Monolithic kernel: The older approach is the monolithic kernel, of which Unix, MS-DOS and the early Mac OS are typical representants of. It runs every basic system service like process and memory management, interrupt handling and I/O communication, file system, etc. in kernel space see Figure 1 (click here for Anatomy of Linux Kernel). It is constructed in a layered fashion, built up from the fundamental process management up to the interfaces to the rest of the operating system (libraries and on top of them the applications). The inclusion of all basic services in kernel space has three big drawbacks.
·         The kernel size increase.
·         Lack of extensibility.
·         The bad maintainability. 


Figure 1: Monolithic Kernel base Operating System.
Bug-fixing or the addition of new features means a recompilation of the whole kernel. This is time and resource consuming because the compilation of a new kernel can take several hours and a lot of memory. Every time someone adds a new feature or fixes a bug, it means recompilation of the whole
 kernel. (click here: “ How to Compile Kernel Source”)

To overcome these limitations of extensibility and maintain-ability, the idea of μ-kernels appeared at the end of the 1980’s. 

Microkernel: The concept (Figure 2) was to reduce the kernel to basic process communication and I/O control, and let the other system services reside in user space in form of normal processes (as so called servers). There is a server for managing memory issues, one server does process management, another one manages drivers, and so on. Because the servers do not run in kernel space anymore, so called ”con-text switches” are needed, to allow user processes to enter privileged mode (and to exit again). That way, the μ-kernel is not a block of system services anymore, but represents just several basic abstractions and primitives to control the communication between the processes and between a process and the underlying hardware. Because communication is not done in a direct way anymore, a message system is introduced, which allows independent communication and favors extensibility.


Figure 2: Micro Kernel base Operating System.

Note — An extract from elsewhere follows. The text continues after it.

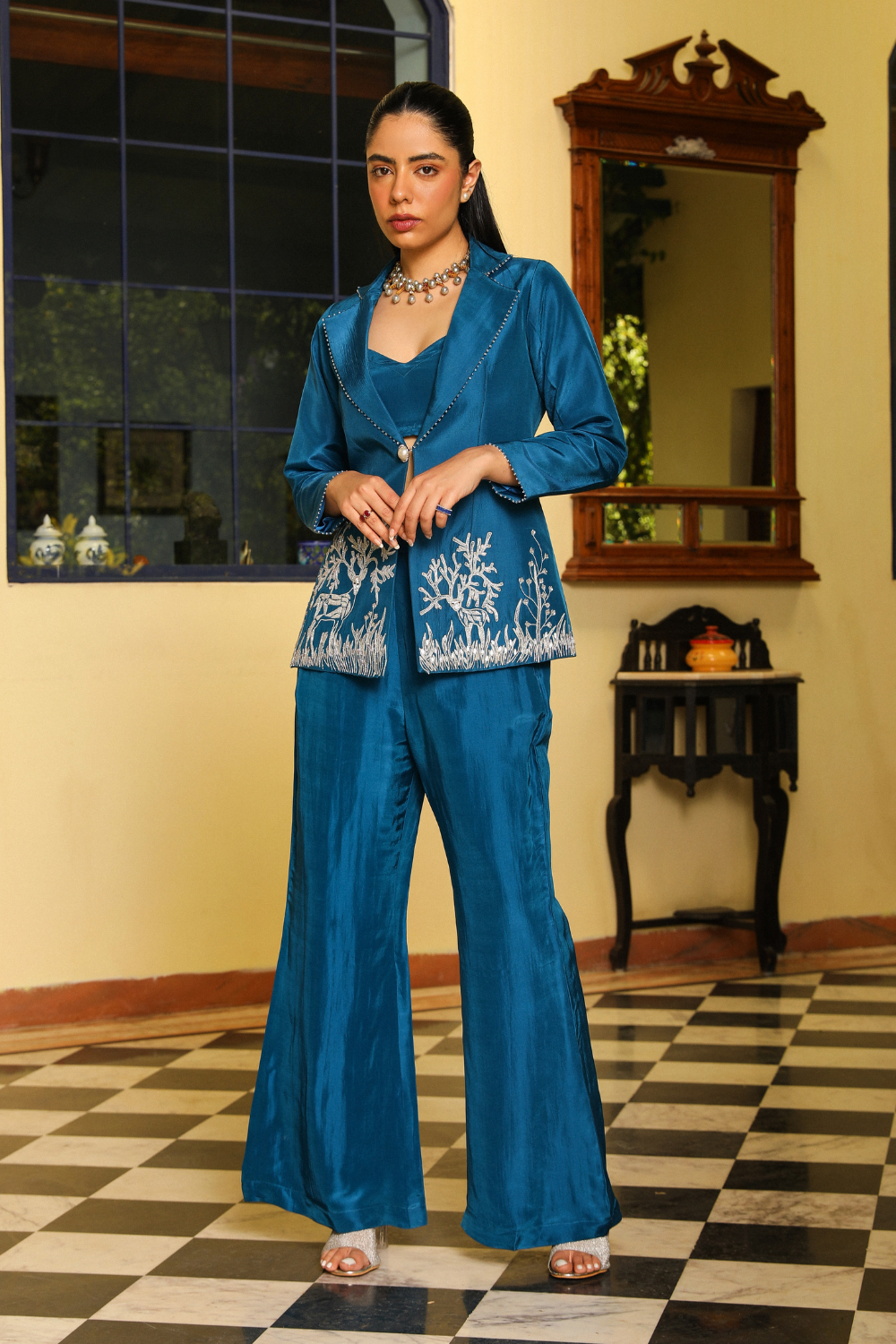 Vaani Cobalt Blue Opada Silk Co-ord Set – Luxury Party Wear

Currently, there are two different generations of μ-kernels. The first generation was a more or less a stripped-down monolithic kernel. Because of performance drawbacks concerning process communication, several system services like device drivers, communication stacks, etc. found their way back into kernel space. This resulted in an even bigger kernel than before, which was slower than its monolithic counterpart. 

            Research in the field of μ-kernels prove, that it is not the best solution to create a hybrid kernel 1 , but a pure micro kernel, which has to be very small in size. So small, that it fits into the processor’s first level cache as a whole. Second generation μ-kernels like the L4 are highly optimized, not just referring to the processor family, but also to the processor itself 2 , which results in a very good I/O performance.

In a simple way we can say like this :

Monolithic Kernel (Macro Kernel): Kernel Image = (Kernel Core+Kernel Services). When system boots up entire services  are loaded and resides in memory.
Example: Windows and Unix.

Micro kernel : Kernel Image = Kernel Core. Services are build in to special modules which can be loaded and unloaded as per need.

We have another type of kernel integration technique called
Modular, this is derived from best of micro and monolithic kernel) In
Modular kernel integration:  Kernel Image = (Kernel core + IPC service modules +Memory  module +Process Management module). All other modules are loadable kernel modules.